Post War Pay Committee for the Indian Armed Forces
The emoluments structure of the Indian Armed Forces was determined not by the First Central Pay Commission but by a Departmental Committee consisting of service members. [4] The task of this committee was to make recommendations "in the structure of emoluments and benefits of service personnel in the light of the recommendations made by the pay commission for civilian employees". [4] [5] The First Pay Committee, set up after the First Pay Commission, was called The Post War Pay Committee for the Armed Forces. The New Pay Code—effective from 1 July 1947—was based on the recommendations of this committee. The pensionary benefits were examined by a separate committee called the Armed Forces Pension Revision Committee (1949–50).
The Second Pay Commission was set up in August 1957, 10 years after India's independence; [6] it furnished its report after two years. The recommendations of the Second Pay Commission had a financial impact of ₹39.6 crores. The chairman of the Second Pay Commission was Jagannath Das.
Raghuramiah Committee
The Departmental Pay Committee, set up after the Second Pay Commission, was called, the Raghuramiah Committee (1960), which had representation from the armed forces too. It examined the emoluments of the armed forces and provided the necessary recommendations. [4]
The Third Pay Commission was constituted in April 1970 and presented its findings in March 1973. [7] The Commission was chaired by Raghubar Dayal, a former justice of the Supreme Court of India, with Niharranjan Ray, A.K. Das Gupta, and V.R. Pillai as its members.
Constituted in June 1983, its report was presented in three phases within four years and the financial burden to the government totalled ₹1282 crore. [8] The chairman of the Fourth Pay Commission was P.N. Singhal, a former judge of the Supreme Court of India.

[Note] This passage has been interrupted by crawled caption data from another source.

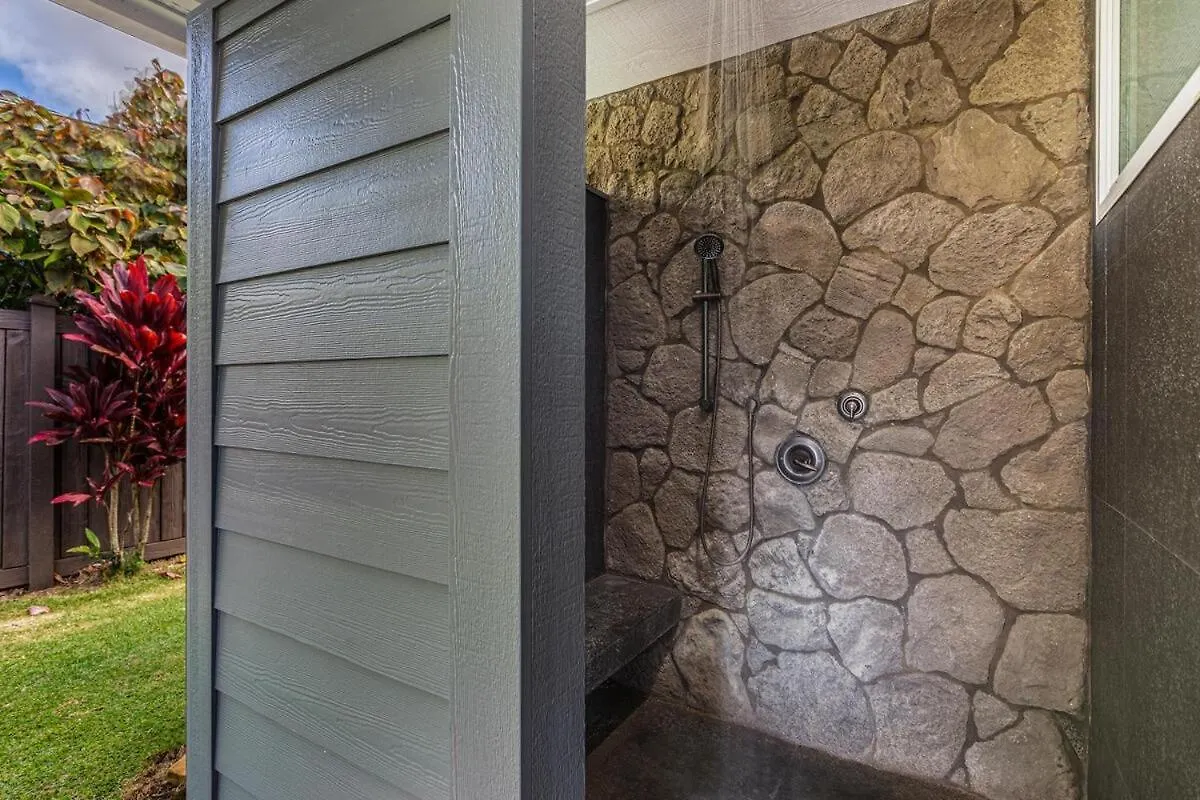 Nakoa Kai Home Koloa
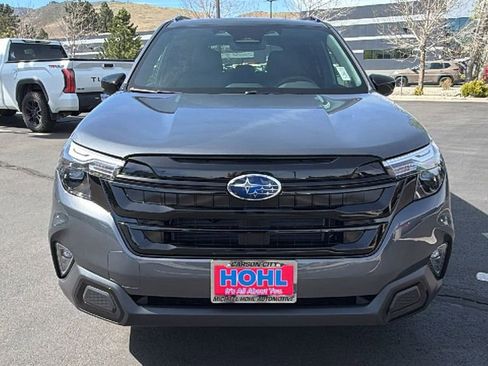 New 2026 Subaru Forester Sport AWD/4WD image 8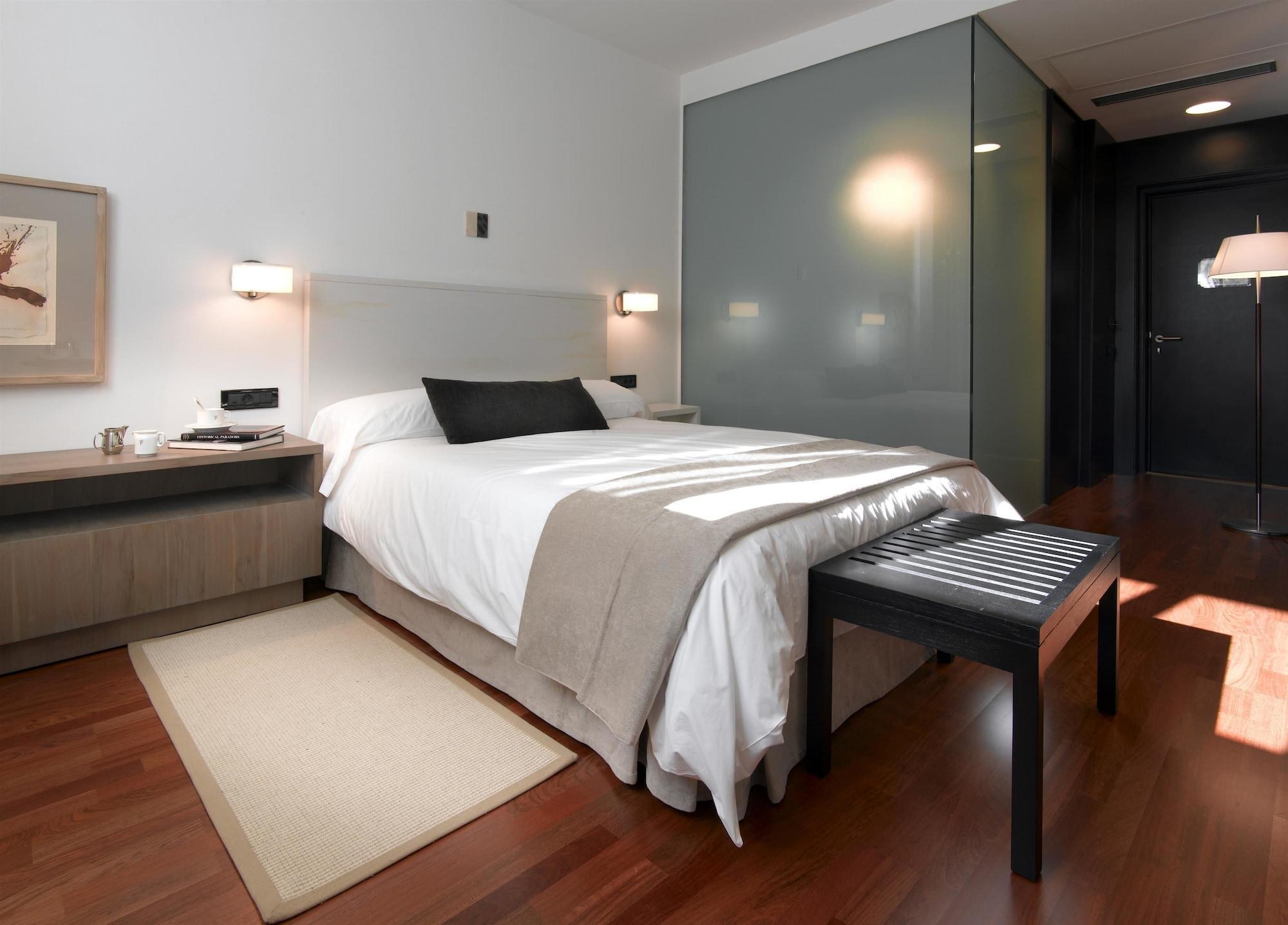 De Hotel Antequera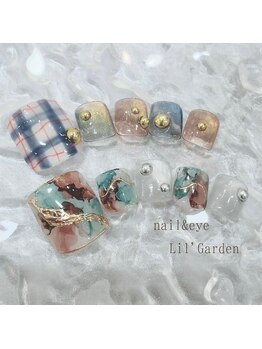 リルガーデン 新宿南口(Lil' Garden)/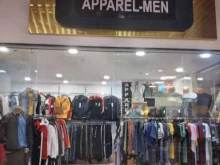 магазин мужской одежды Apparel-men в Калининграде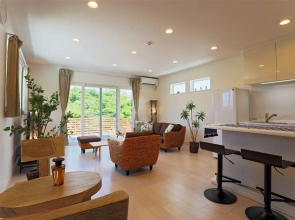 Airi House Motobucho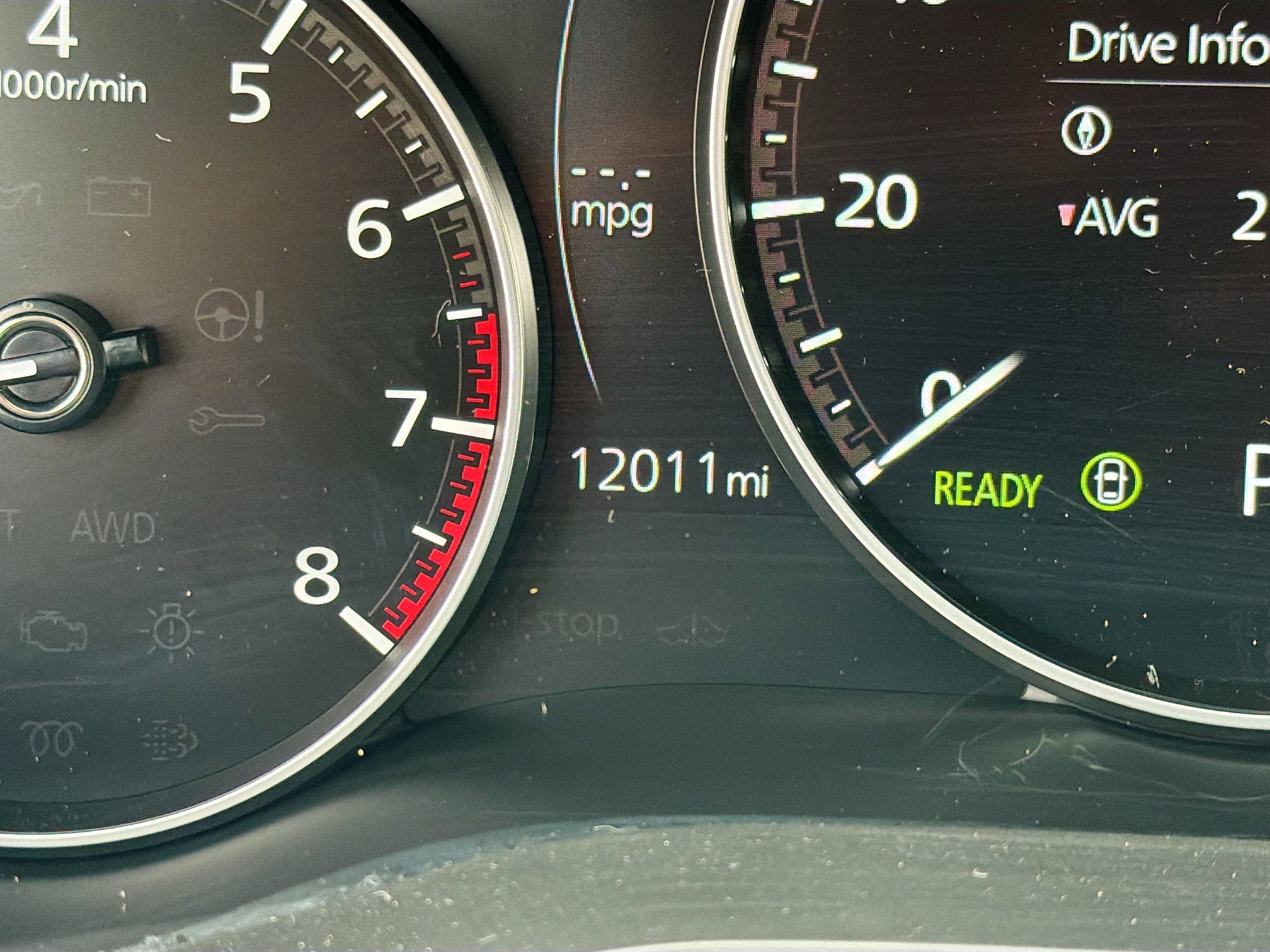 Used 2024 MAZDA CX-90 3.3 Turbo w/ Preferred Plus AWD/4WD image 41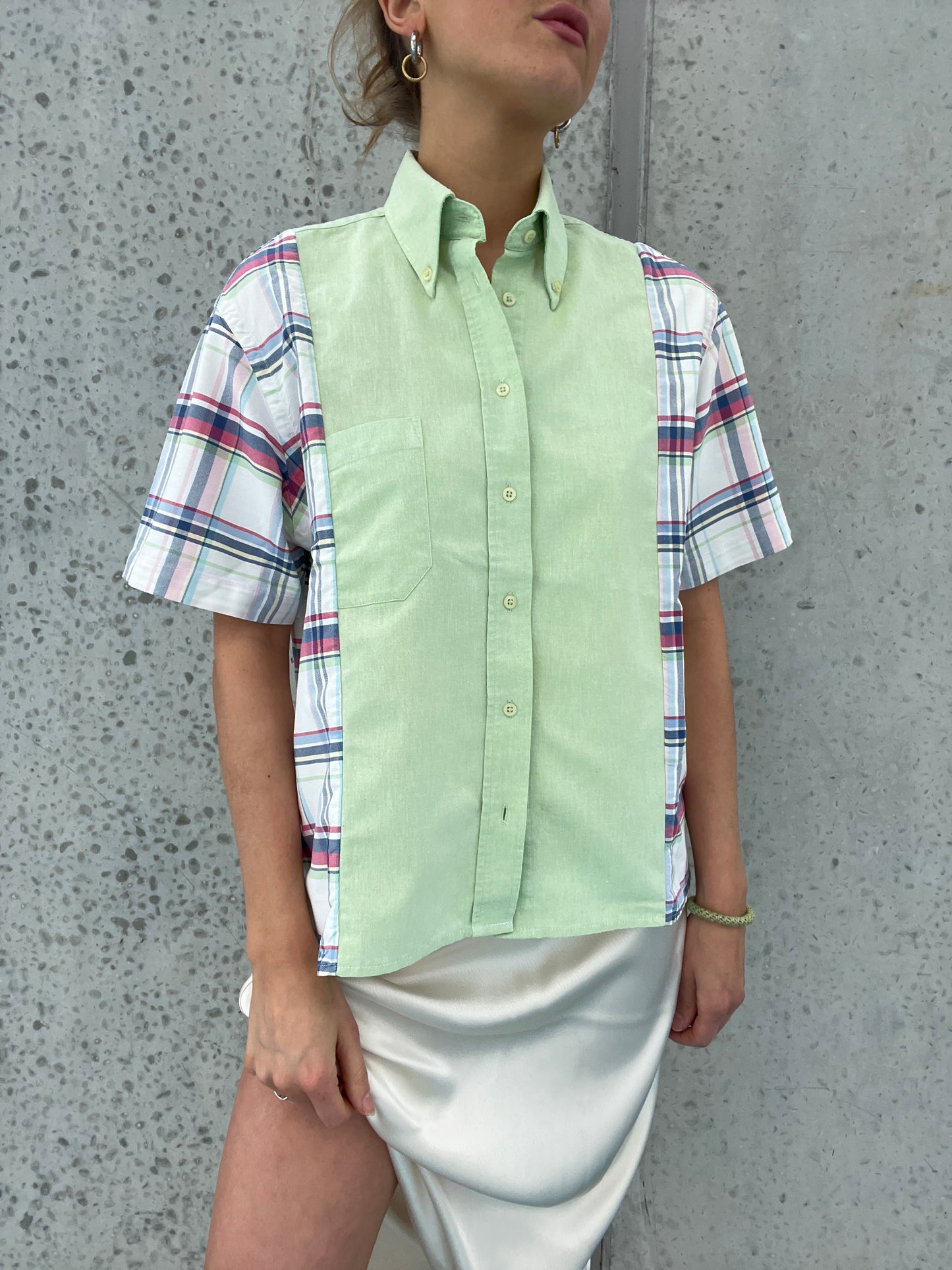Blend Shirt N°47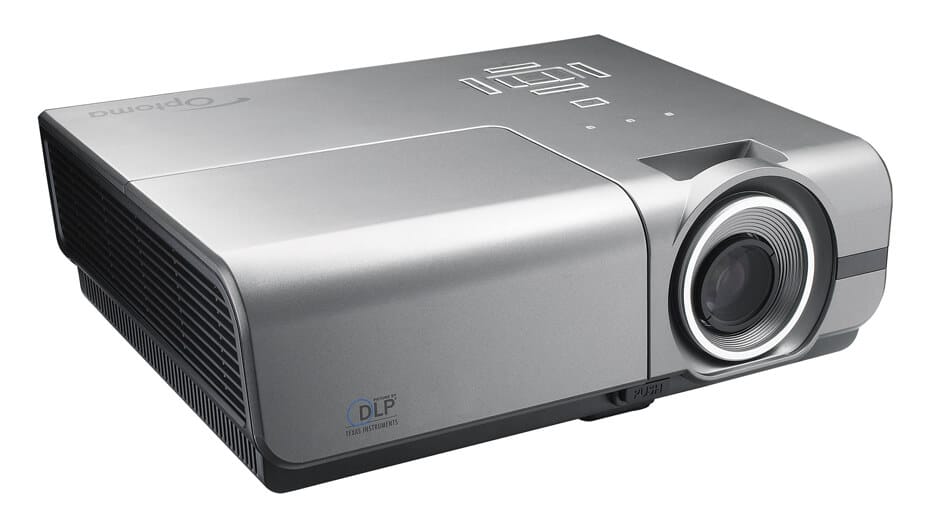 optoma projector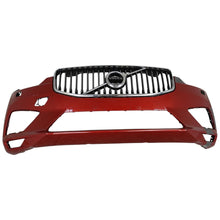 Load image into Gallery viewer, Volvo XC60 R Design front bumper 2017-2019 Genuine 31449127
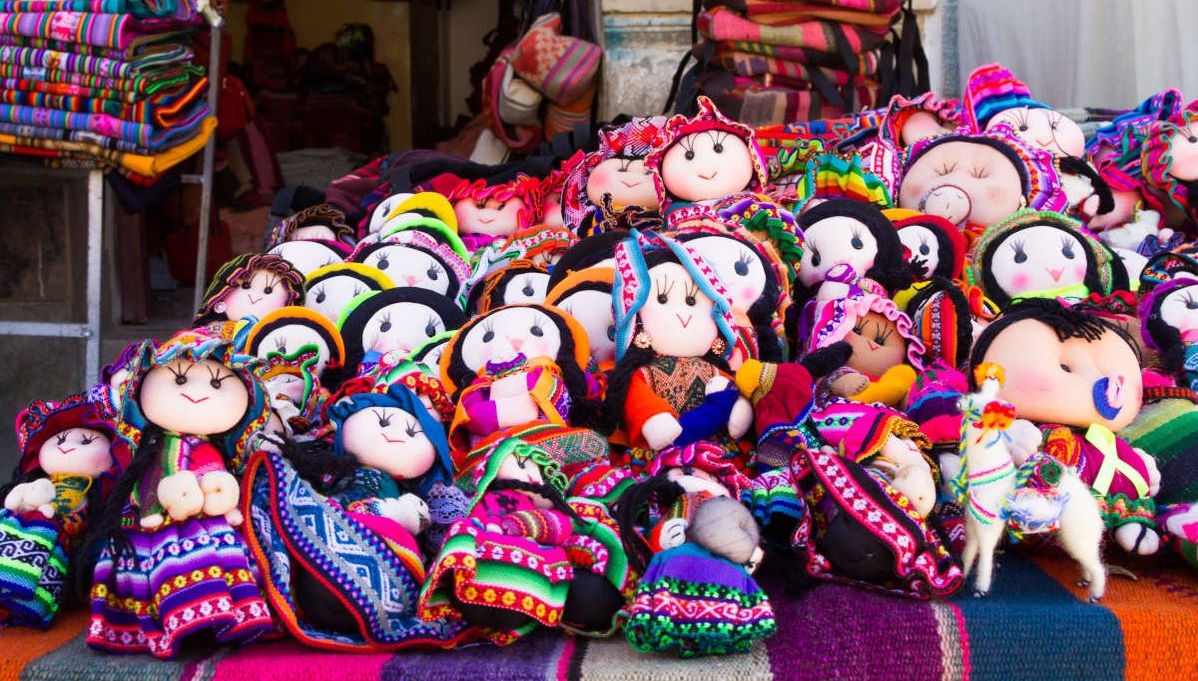 Excursão privada a Tarabuco - Foto 1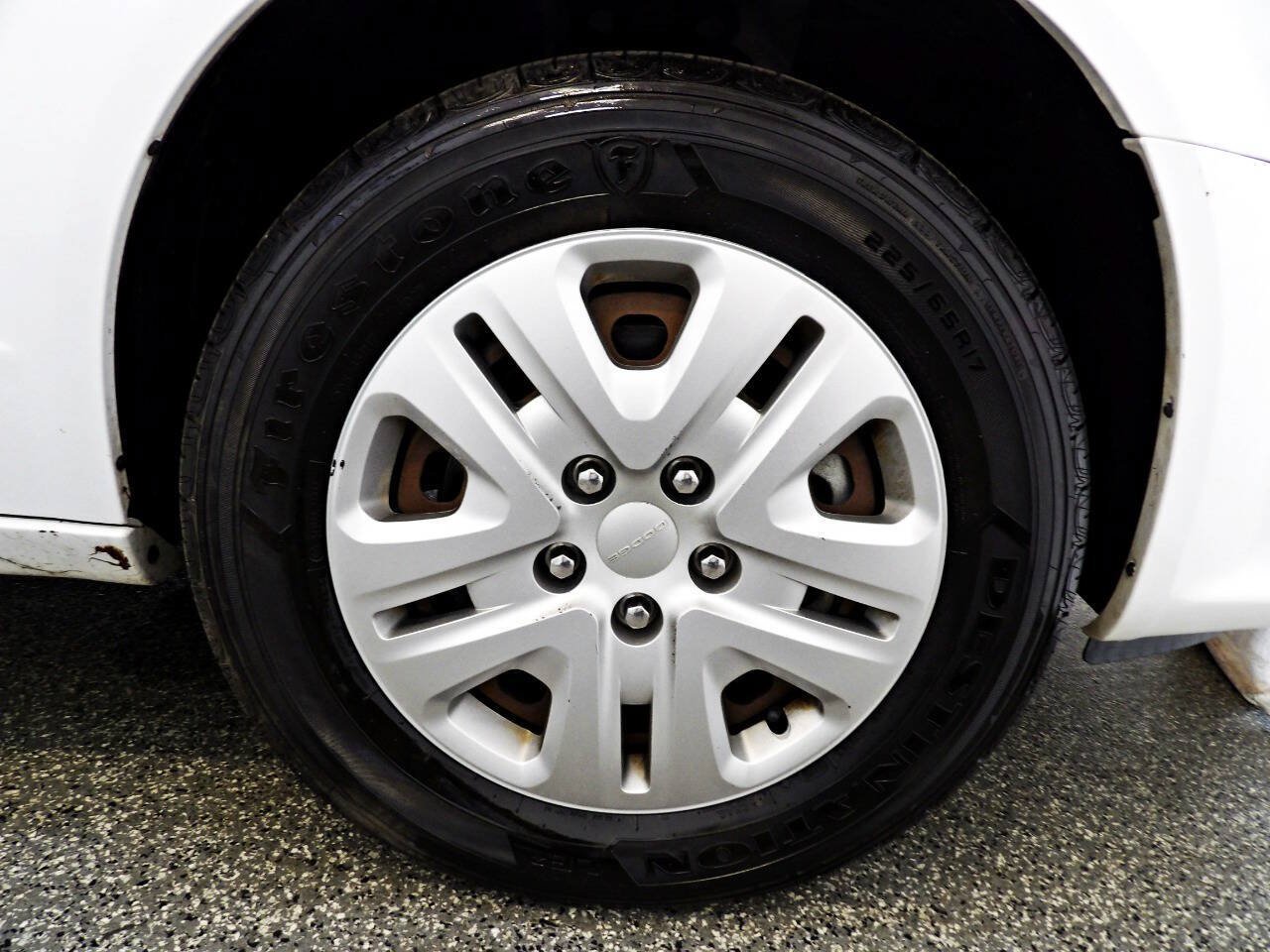Used 2016 Dodge Grand Caravan SE w/ Quick Order Package 29E SE FWD image 19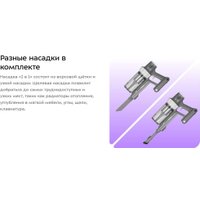 Пылесос Kitfort KT-5341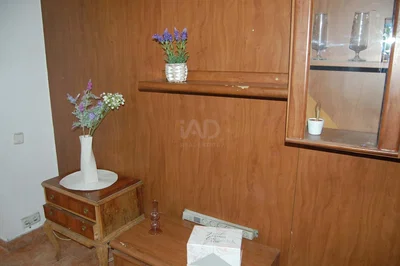 Oturma odası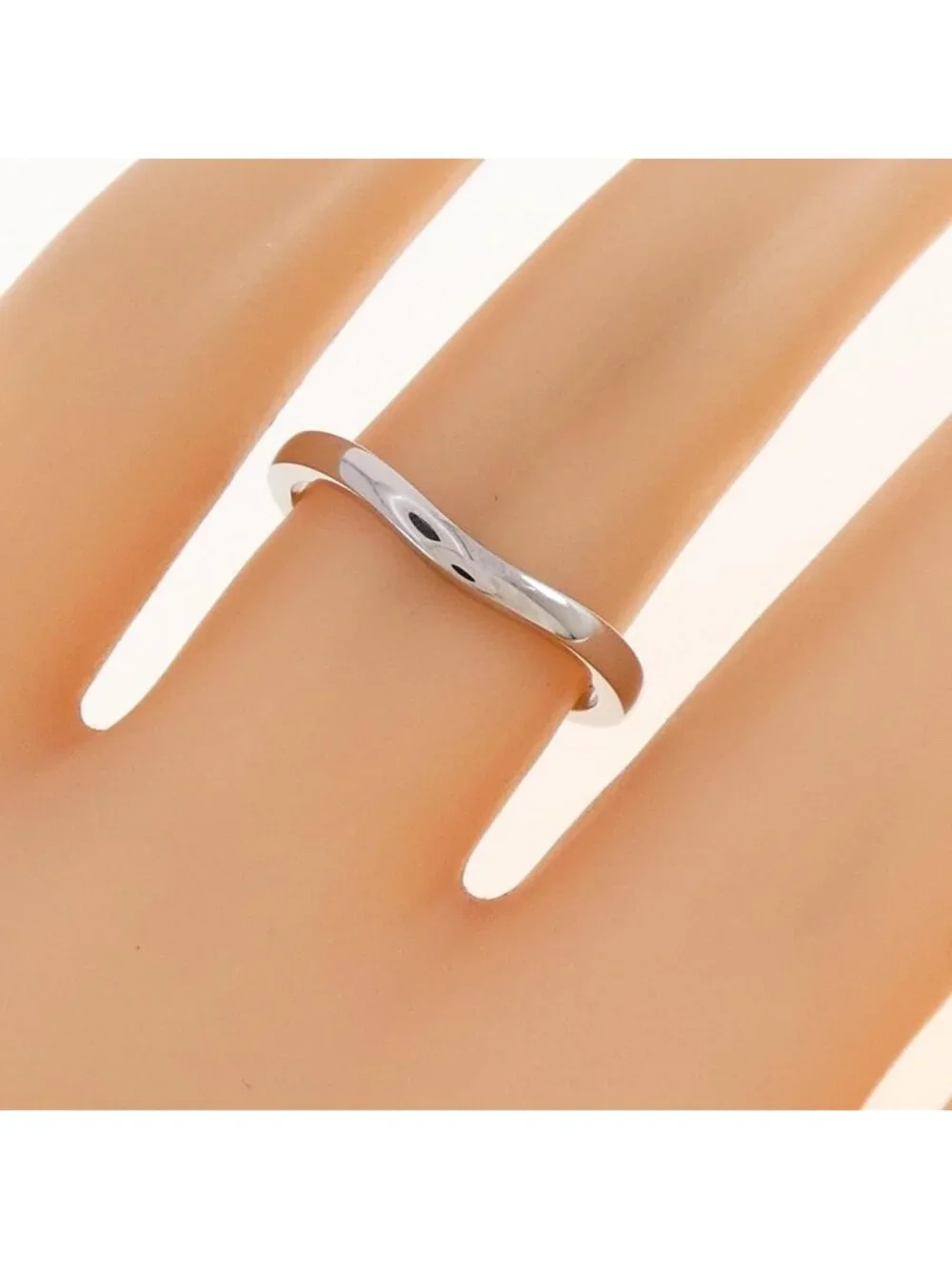 Cartier Ballerina Ring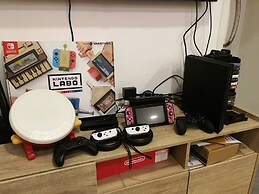 Breeze Hostel Pattaya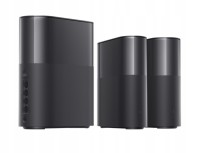XIAOMI Router Mesh System BE3600 Pro EU (3-pak)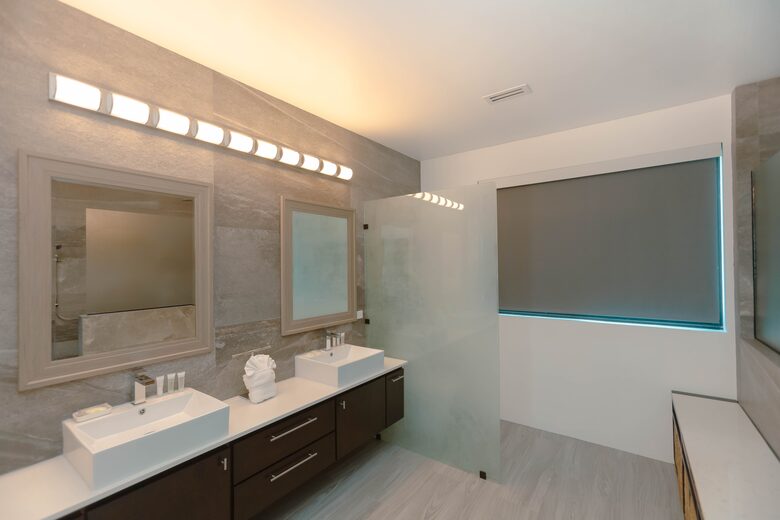Oceanfront 5-Bedroom Penthouse at BluZen Resort, Caye Caulker - Caye Caulker, Belize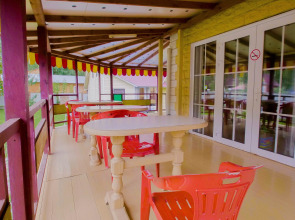 Гостевой дом Семейный Уют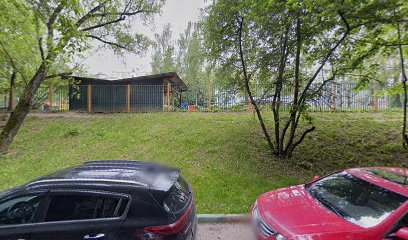 Детский сад № 428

The Congress (I) government, led by Rajiv Gandhi, introduced the concept of Rank Pay for armed forces officers following the recommendations of the Fourth Pay Commission. The Rank Pay, which ranged from ₹200 to ₹1,200, applied to officers from the rank of Second Lieutenant to Brigadier in the Indian Army, and equivalent ranks in the Indian Air Force and Indian Navy. Unlike an additional allowance, the Rank Pay was deducted from the officer's pay grade. This adjustment disrupted the established pay parity between military and police services. Police officers and officers from other All India Services with 14 years of service, who were previously in the same pay grade as Majors, were reclassified to Brigadier-equivalent grades under the new pay structure.
The notification for the establishment of the Fifth Pay Commission was issued on 9 April 1994, but it became operational only on 2 May 1994, with the assumption of charge by the Member Secretary. [9] The Chairman of the Fifth Pay Commission was S. Ratnavel Pandian, a former justice of the Supreme Court of India. The Commission's members included Suresh Tendulkar, a professor at the Delhi School of Economics, and M.K. Kaw, an officer of the Indian Administrative Service. The Fifth Pay Commission consisted of three members, with no military representation. [9] The First Pay Commission had a secretary but no member secretary. Since the First Pay Commission, all subsequent pay commissions have had a member secretary, typically selected from the Indian Administrative Service. [9] The final report of the Fifth Pay Commission was submitted for consideration before the Government of India in April 1997.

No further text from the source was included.